EW corrections and Heavy Boson Radiation at a high-energy muon collider

In this work we investigate several phenomenological and technical aspects related to electroweak (EW) corrections at a high-energy muon collider, focusing on direct production processes (no VBF configurations). We study in detail the accuracy of the Sudakov approximation, in particular the Denner-Pozzorini algorithm, comparing it with exact calculations at NLO EW accuracy. We also assess the relevance of resumming EW Sudakov logarithms (EWSL) at 3 and 10 TeV collisions. Furthermore, we scrutinise the impact of additional Heavy Boson Radiation (HBR), namely the weak emission of $W, Z$, and Higgs bosons in inclusive and semi-inclusive configurations. All results are obtained via the fully automated and publicly available code MadGraph5_aMC@NLO.

💡 Research Summary

This paper presents a comprehensive study of electroweak (EW) corrections and heavy boson radiation (HBR) for direct production processes at high‑energy muon colliders operating at √s = 3 TeV and 10 TeV. Using the fully automated MadGraph5_aMC@NLO framework, the authors first describe the implementation of exact next‑to‑leading order EW (NLO EW) calculations, including the treatment of lepton PDFs and initial‑state radiation.
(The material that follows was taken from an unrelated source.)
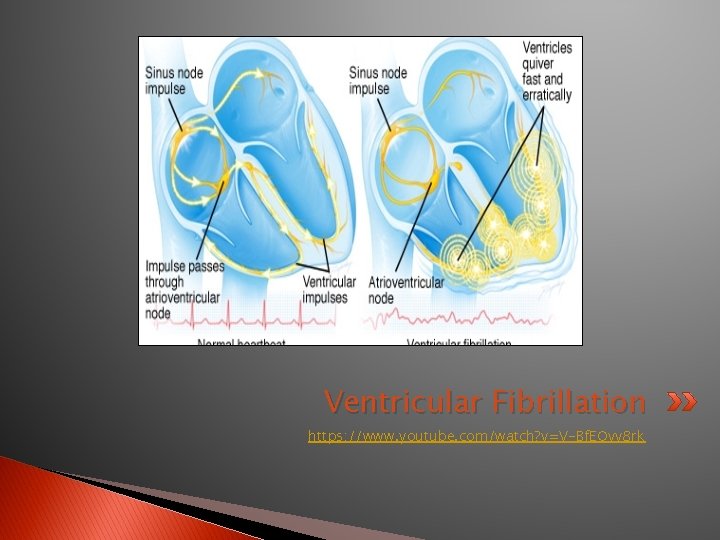 Ventricular Fibrillation https: //www. youtube. com/watch? v=V-Bf. EQvv 8 rk 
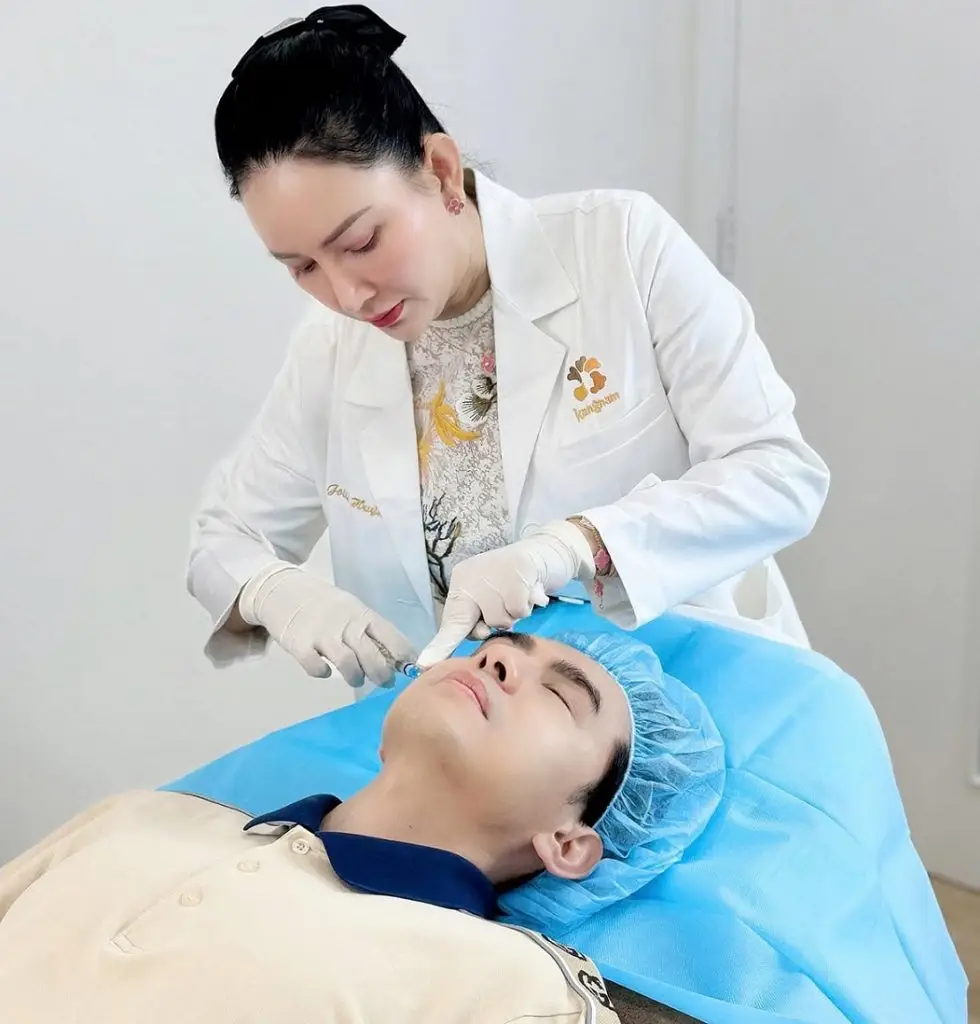 Tiêm filler rãnh cười đang là xu hướng làm đẹp nở rộ hiện nay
They then focus on the Sudakov approximation, specifically the Denner‑Pozzorini (DP) algorithm, and compare two schemes: the original SDK 0 and the refined SDK weak. Detailed comparisons with exact NLO EW results reveal that SDK weak generally outperforms SDK 0 when photons are recombined with charged final‑state particles, but both schemes can fail in kinematic regions where logarithms of the form log²(s/|t|) or log²(s/|u|) become large, or where the leading‑order amplitude is dominated by mass‑suppressed contributions (e.g. μ⁺μ⁻ → Z H H).

The authors then implement a simple exponentiation of EW Sudakov logarithms to achieve next‑to‑leading logarithmic (NLL) resummation, matching this resummed result to the exact NLO EW calculation. They demonstrate that at 10 TeV the resummation is essential: without it, the fixed‑order prediction can become negative or wildly inaccurate, whereas at 3 TeV the fixed‑order result remains reliable.

Finally, the impact of heavy‑boson radiation—real emission of W, Z, and Higgs bosons—is examined in both semi‑inclusive (bosons not recombined) and inclusive (bosons clustered into EW jets) configurations for processes such as μ⁺μ⁻ → t t̄ and μ⁺μ⁻ → W⁺W⁻. While HBR contributions are generally smaller than virtual EW corrections, they become non‑negligible in high‑p_T regions and can partially cancel virtual effects. The study quantifies these effects and shows that, for realistic analyses, both resummed Sudakov logarithms and explicit HBR must be incorporated to obtain physically sensible predictions.

Overall, the work establishes the accuracy limits of the Sudakov approximation, underscores the necessity of logarithmic resummation at multi‑TeV muon colliders, and provides a detailed assessment of heavy‑boson radiation, thereby delivering essential tools for precision phenomenology and new‑physics searches at future muon‑collider experiments.